Se me antoja

Se me antoja

POR MARIVELL CONTRERAS
Muchas veces me he puesto a pensar qué hubiera sido de mí, si en lugar de Monte Plata hubiera crecido en otro lugar. Porque pude haber nacido allí y haber venido desde pequeña para la capital a acompañar a mi familia en la búsqueda de nuevos horizontes. Pero, no fue así, a pesar de que se lo propusieron a mami en más de una oportunidad. Ella no quiso, según nos explicó cuando se lo reclamamos, porque no quería que creciéramos lejos de nuestro padre y nos alegramos inmensamente haber podido compartir con ella y con él desde distintas aceras, en la misma calle y a cualquier hora del día el apoyo y el cariño de una madre y un padre que tenían en común el respeto por sus vidas distintas y el apego por el mantenimiento de una formación en la que ambos compartían el compromiso.
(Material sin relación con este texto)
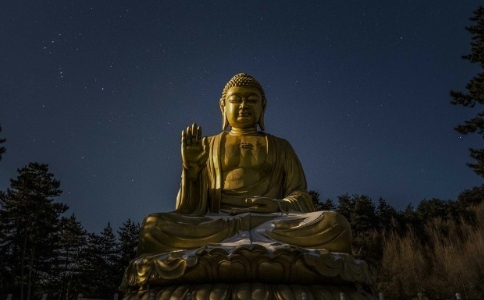 大通善本禪師，一生廣衍禪法，卻密修凈土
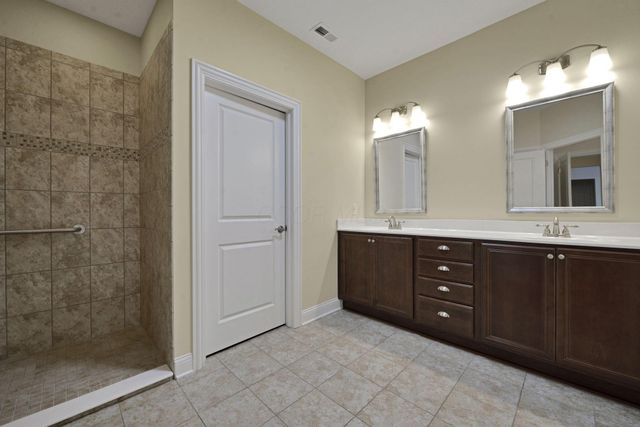 8165 Summitpoint Place, Lewis Center, OH 43035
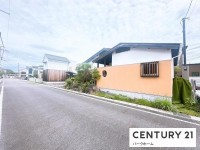 広い庭と駐車3台可が魅力！四季を楽しむ庭と縁側。茶室・蔵付き！
土地約100坪のゆとり敷地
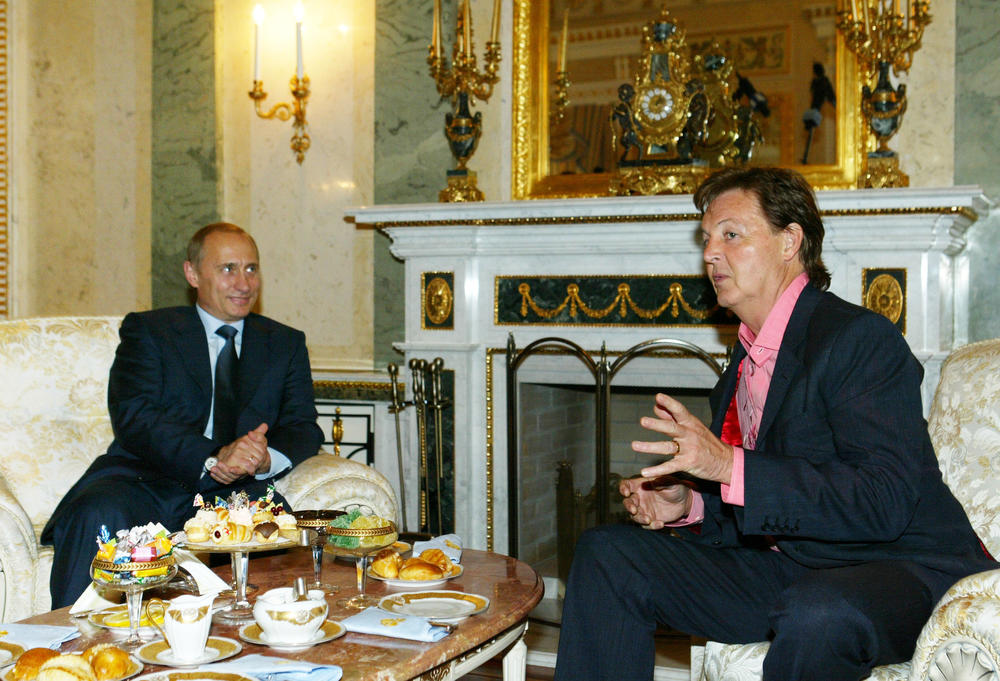 Russian President Vladimir Putin meets with Paul McCartney during their meeting at the Kremlin on May 24, 2003 in Moscow.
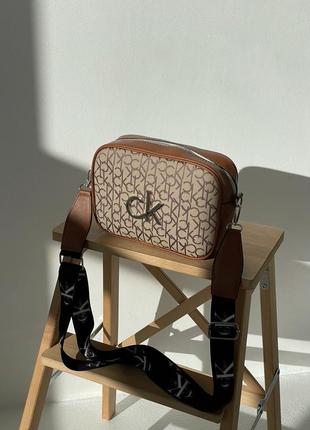 Женская коричневая сумка на ремне calvin klein 🆕маленька сумка кросс боди4 фото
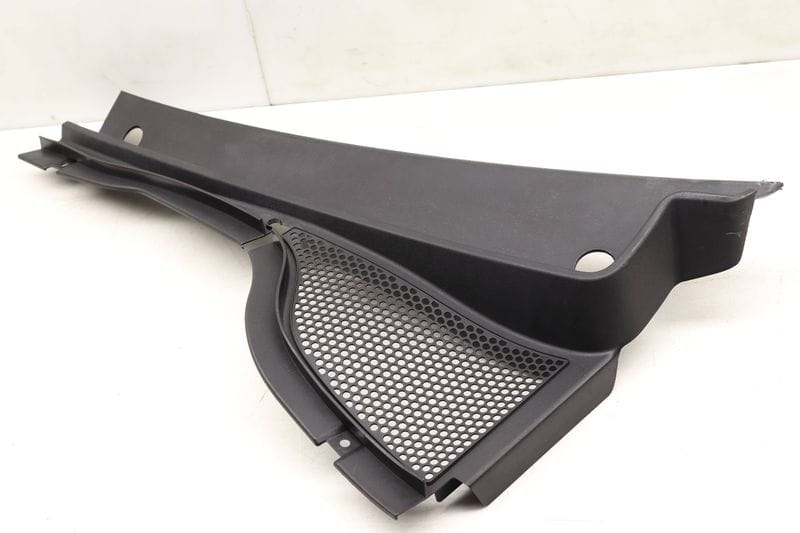 Rain Tray / Water Deflector 5N1819403 — Used (SKU 489143)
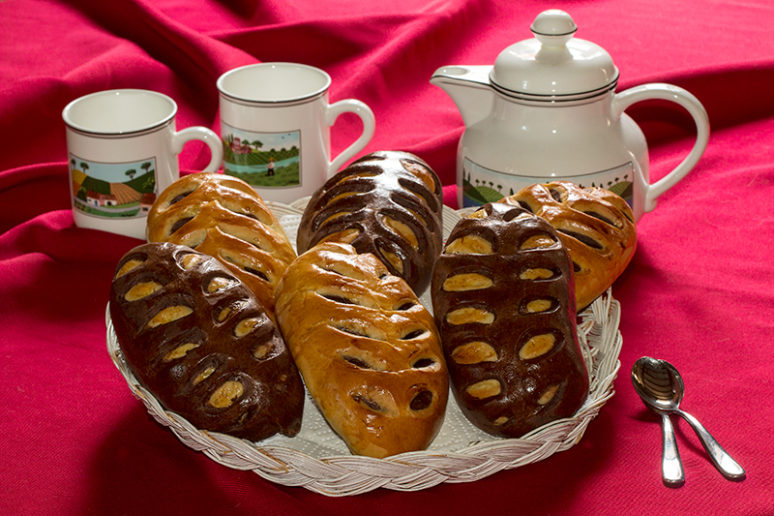 pains au lait bicolores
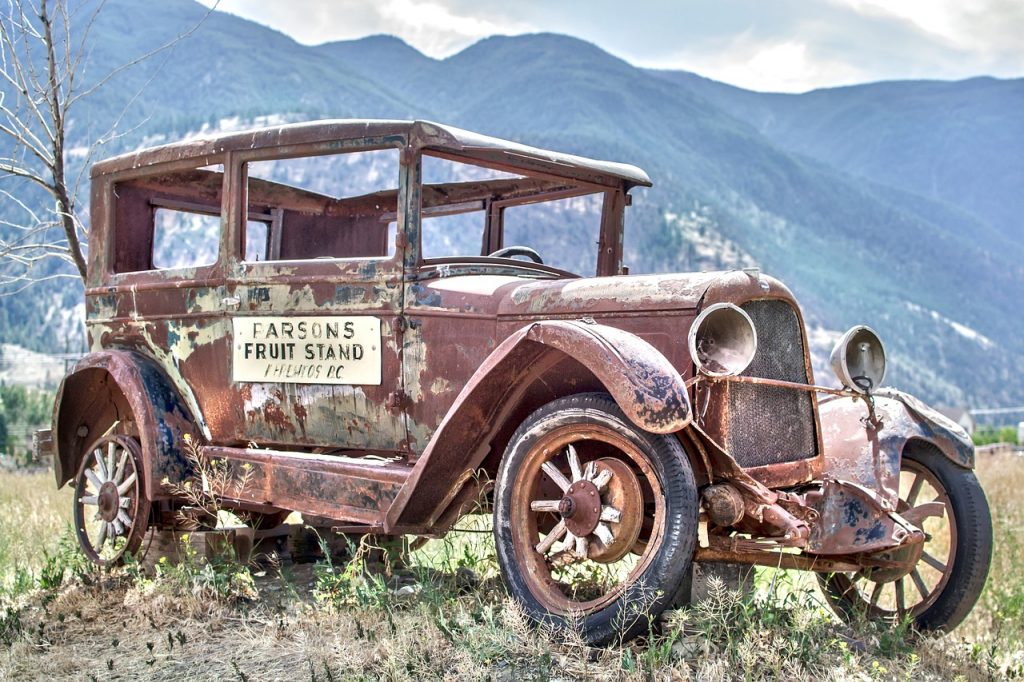 Foto de un automóvil viejo y oxidado de posiblemente la mitad del siglo XX (español) / Foto de um carro velho e enferrujado possivelmente de meados do século XX (Português)  / Photo of an old and rusty car from possibly the middle of the 20th century (English)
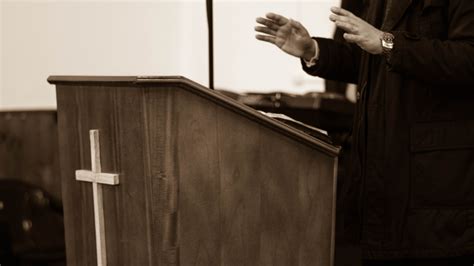 Por Qué Deberías Priorizar La Predicación En Vivo De Tu Iglesia Local Josué Barrios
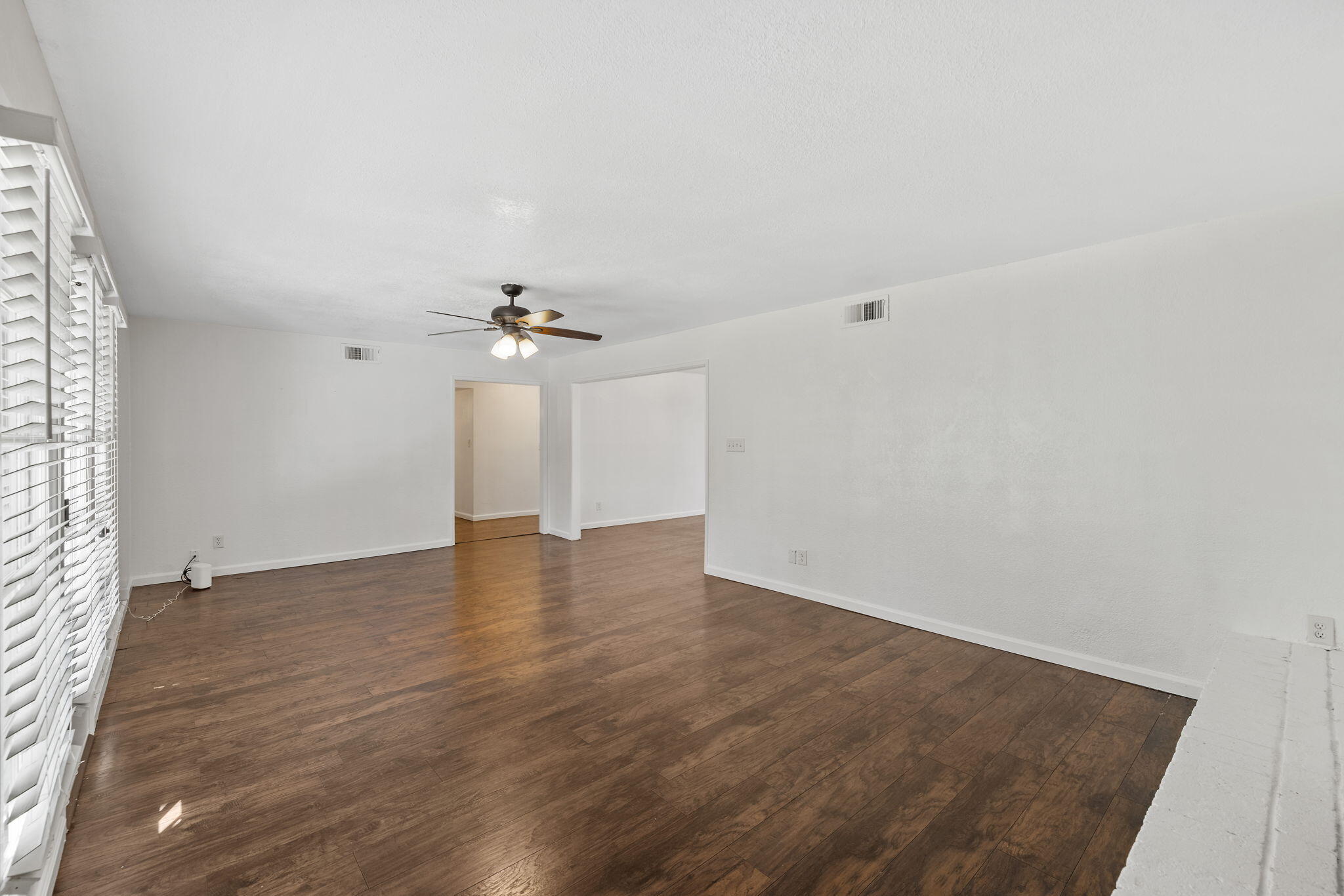 2125 Holt Ave, Sanger, CA 93657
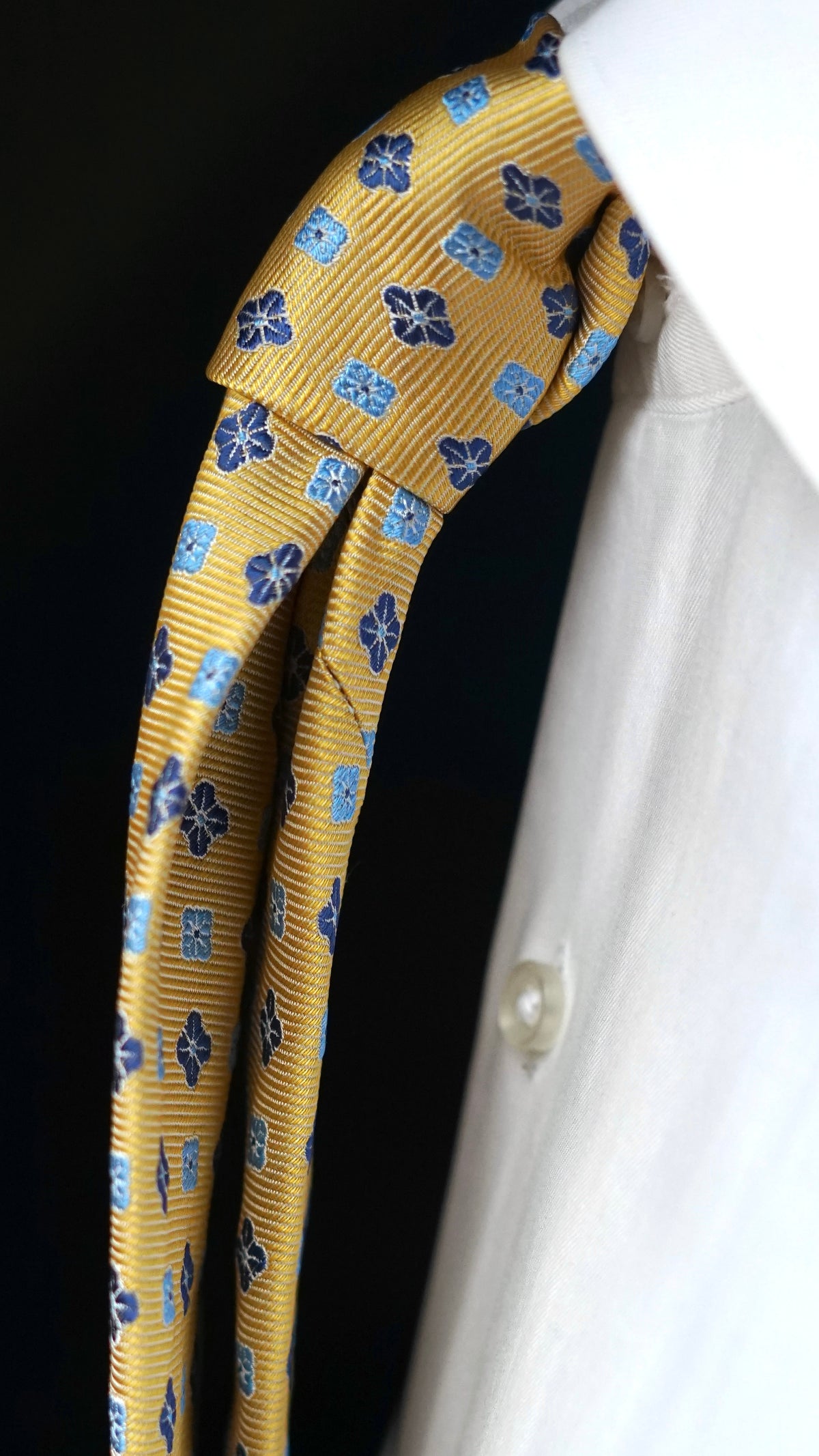 Loretta Silk Necktie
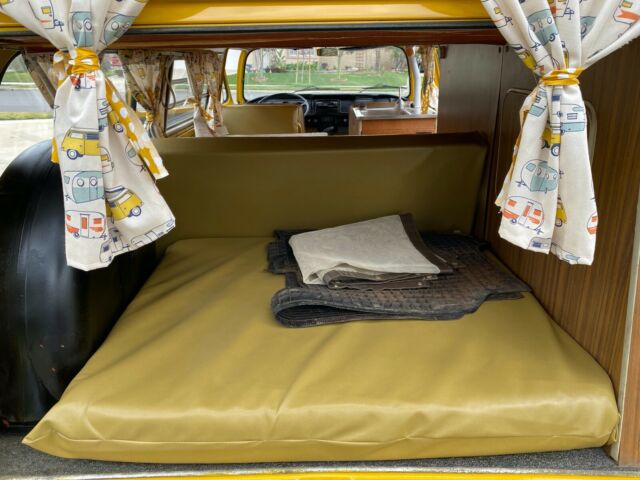 Volkswagen Bus/Vanagon 1972 image number 10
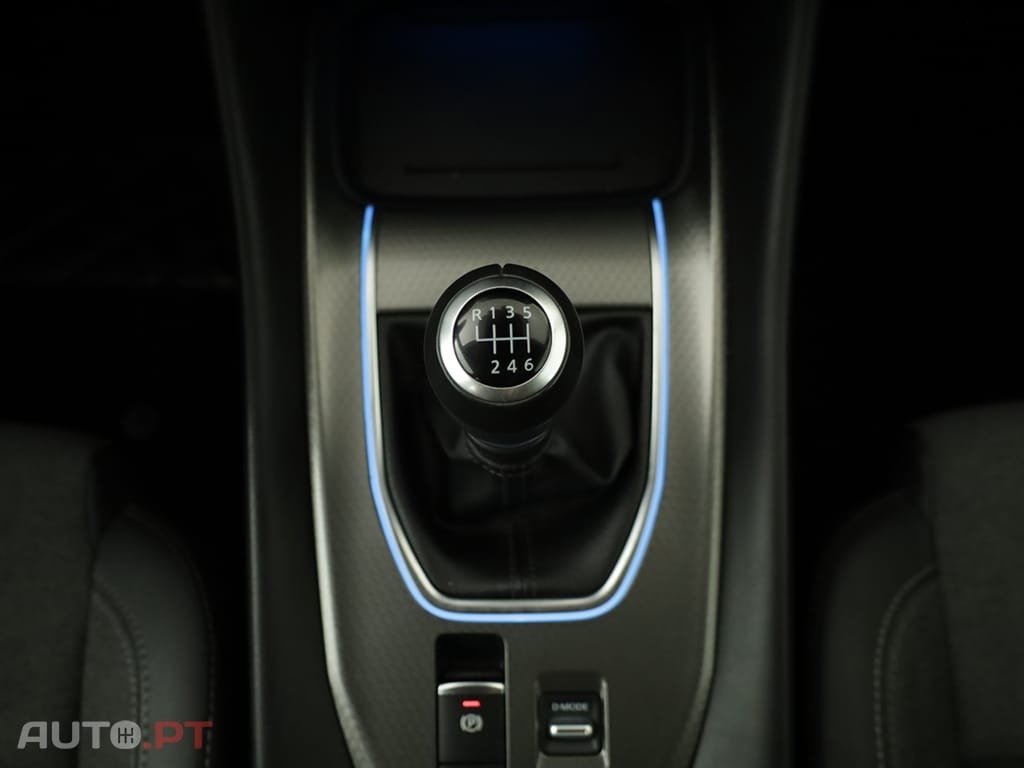 Nissan Qashqai 1.3 DIG-T N-Connecta LED Xtronic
Ella desde la casa y la abnegación, él desde la calle y su casa. Advertencias, sugerencias, consejos y reclamos que nos fueron formando a imagen y semejanza de lo que uno y otro esperaban de nosotros.

¡Qué bueno ser de Monte Plata!

Un pueblo que nunca tuvo un cine, un teatro o una escuela de arte… En cambio tenía el parque de las mil y una vueltas. La iglesia católica y sus cánticos y el padre Martín, la iglesia evangélicas y sus alabanzas que tejíamos en madejas veraniegas y Héctor Prensa. También estaban los Pentecostés y su apasionado estilo de hacer canto y oración con fe y entrega en cuerpo y palabra. Los niños y las niñas nos salvábamos de la dictadura de las religiones impuestas porque podíamos ir –y lo hacíamos– a todas las iglesias y en cada una de ellas encontrábamos el mismo anhelo –con distintas formas y ceremonias– de ser favorecidos con el amor y la gracia divinas.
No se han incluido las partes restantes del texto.